▸ **Task to carry out**: Word for word, repeat everything in the records below except the pictures.

▸ **Provided records**:
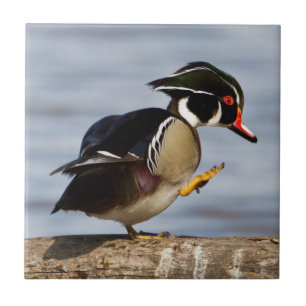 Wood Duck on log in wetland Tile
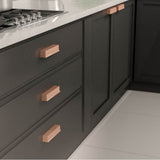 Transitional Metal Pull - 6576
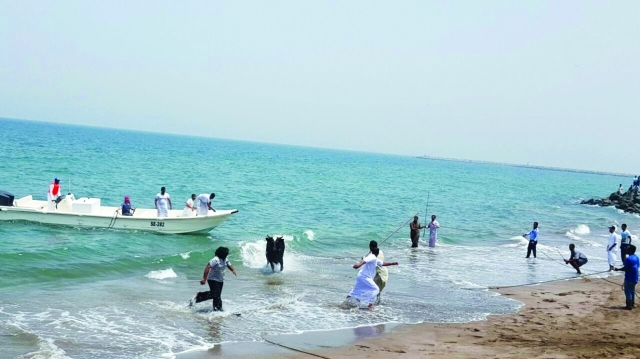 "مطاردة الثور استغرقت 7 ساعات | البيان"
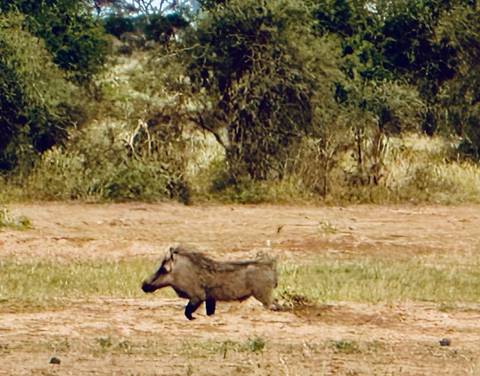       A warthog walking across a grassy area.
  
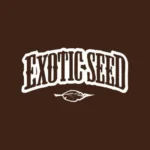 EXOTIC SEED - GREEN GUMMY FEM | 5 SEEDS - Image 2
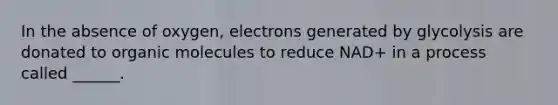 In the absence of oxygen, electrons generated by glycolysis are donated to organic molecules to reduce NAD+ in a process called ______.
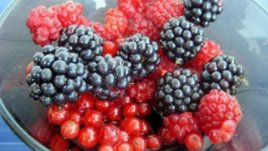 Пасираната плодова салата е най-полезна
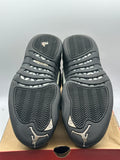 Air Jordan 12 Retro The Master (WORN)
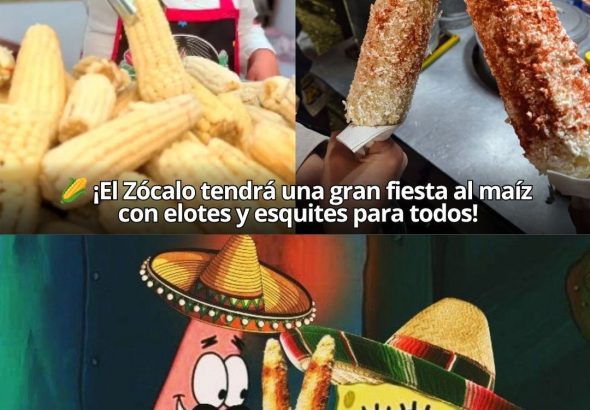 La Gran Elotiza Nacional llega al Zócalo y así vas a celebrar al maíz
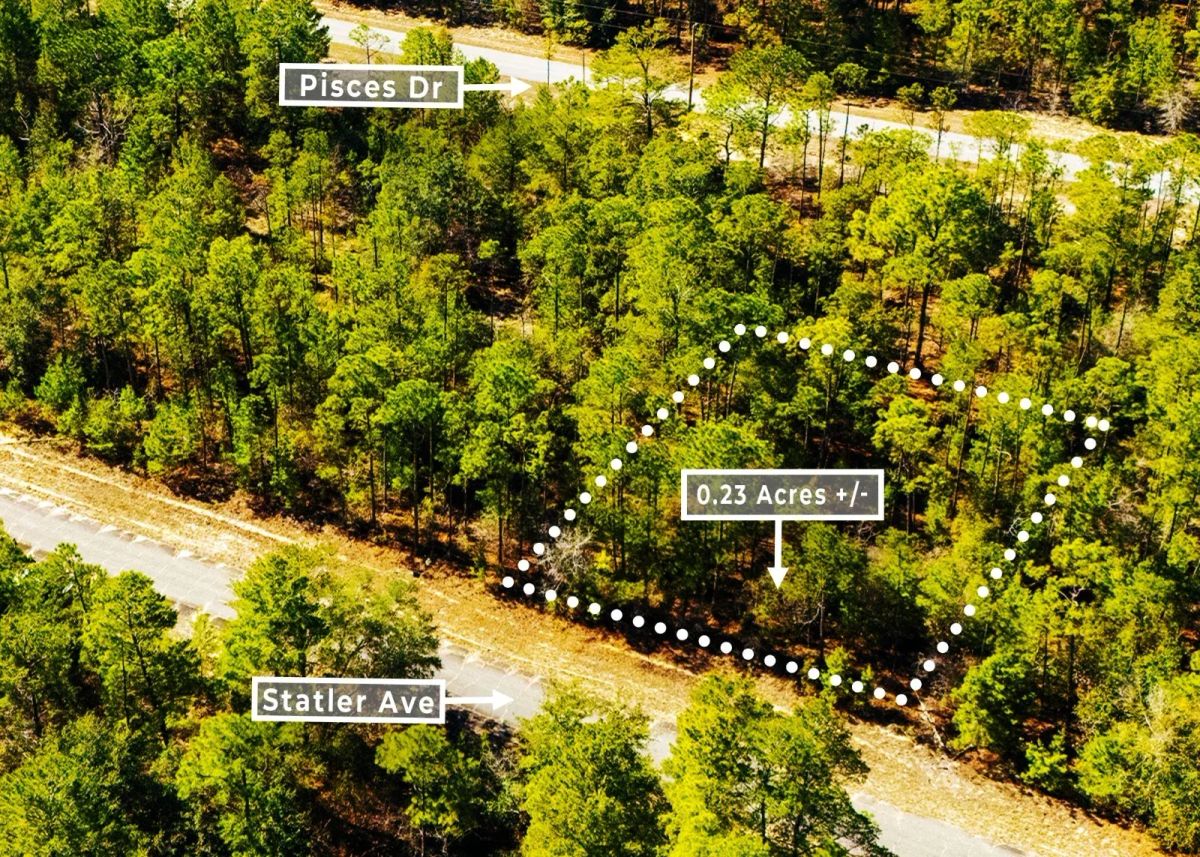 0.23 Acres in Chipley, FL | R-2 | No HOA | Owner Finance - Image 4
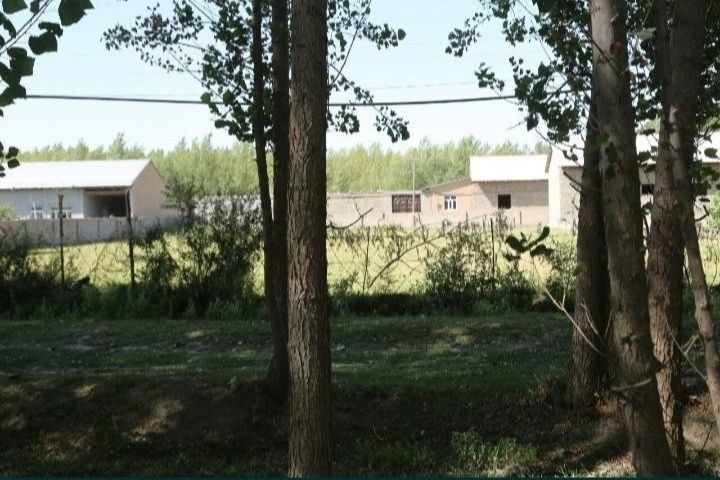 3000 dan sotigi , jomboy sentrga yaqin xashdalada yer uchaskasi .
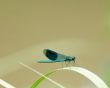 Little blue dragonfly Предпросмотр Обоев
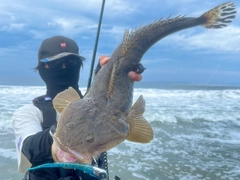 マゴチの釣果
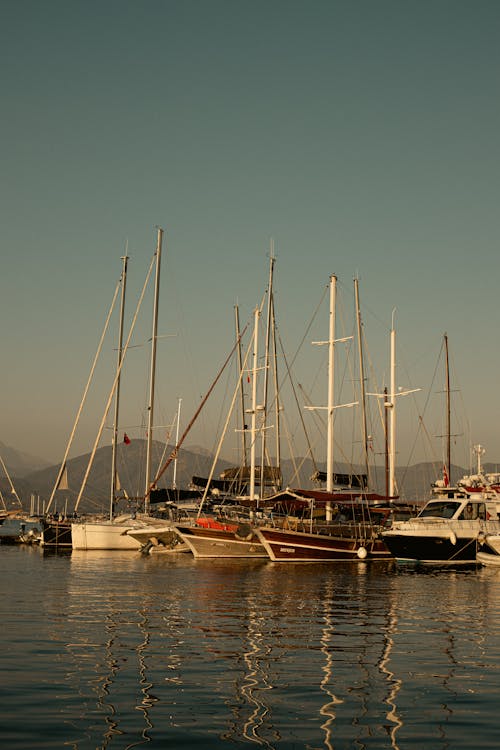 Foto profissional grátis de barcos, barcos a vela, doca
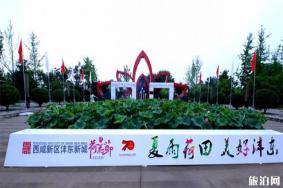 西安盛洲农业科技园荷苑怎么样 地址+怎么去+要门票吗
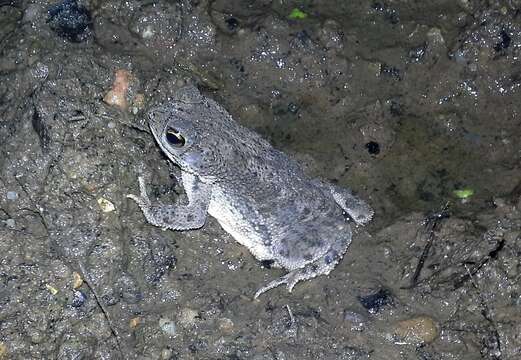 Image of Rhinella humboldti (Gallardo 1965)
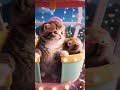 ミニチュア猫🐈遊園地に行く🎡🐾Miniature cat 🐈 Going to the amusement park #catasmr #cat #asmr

▸ **Answer**:
 Wood Duck on log in wetland Tile
 Transitional Metal Pull - 6576
 "مطاردة الثور استغرقت 7 ساعات | البيان"
       A warthog walking across a grassy area.
  
 EXOTIC SEED - GREEN GUMMY FEM | 5 SEEDS - Image 2
 In the absence of oxygen, electrons generated by glycolysis are donated to organic molecules to reduce NAD+ in a process called ______.
 Пасираната плодова салата е най-полезна
 Air Jordan 12 Retro The Master (WORN)
 La Gran Elotiza Nacional llega al Zócalo y así vas a celebrar al maíz
 0.23 Acres in Chipley, FL | R-2 | No HOA | Owner Finance - Image 4
 3000 dan sotigi , jomboy sentrga yaqin xashdalada yer uchaskasi .
 Little blue dragonfly Предпросмотр Обоев
 マゴチの釣果
 Foto profissional grátis de barcos, barcos a vela, doca
 西安盛洲农业科技园荷苑怎么样 地址+怎么去+要门票吗
 Image of Rhinella humboldti (Gallardo 1965)
 ミニチュア猫🐈遊園地に行く🎡🐾Miniature cat 🐈 Going to the amusement park #catasmr #cat #asmr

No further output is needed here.